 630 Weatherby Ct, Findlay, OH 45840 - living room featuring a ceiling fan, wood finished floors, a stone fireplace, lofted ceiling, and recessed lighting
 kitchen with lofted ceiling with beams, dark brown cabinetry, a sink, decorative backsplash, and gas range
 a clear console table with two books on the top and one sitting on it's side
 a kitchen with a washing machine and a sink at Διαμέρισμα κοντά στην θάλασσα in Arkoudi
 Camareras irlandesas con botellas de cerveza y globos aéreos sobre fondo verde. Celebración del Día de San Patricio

==*==

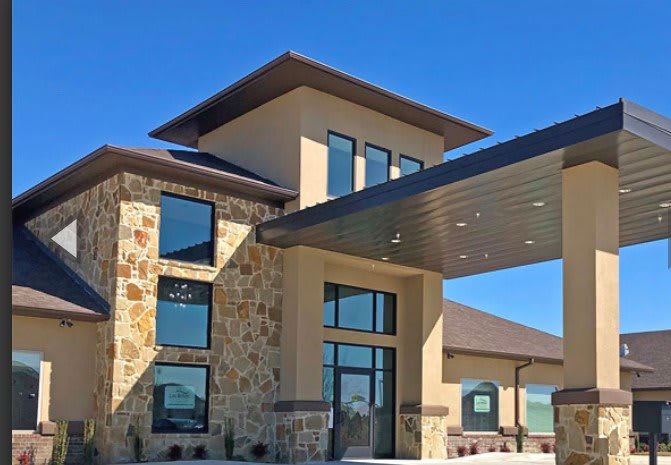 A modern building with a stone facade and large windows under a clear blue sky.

==*==

• [EXERCISE] Here the output must be the lines above from the line with "630 Weatherby Ct, Findlay, OH" to the line with "kitchen with lofted", both included, duplicated word for word and nothing else.

• [RESPONSE BELOW]
 630 Weatherby Ct, Findlay, OH 45840 - living room featuring a ceiling fan, wood finished floors, a stone fireplace, lofted ceiling, and recessed lighting
 kitchen with lofted ceiling with beams, dark brown cabinetry, a sink, decorative backsplash, and gas range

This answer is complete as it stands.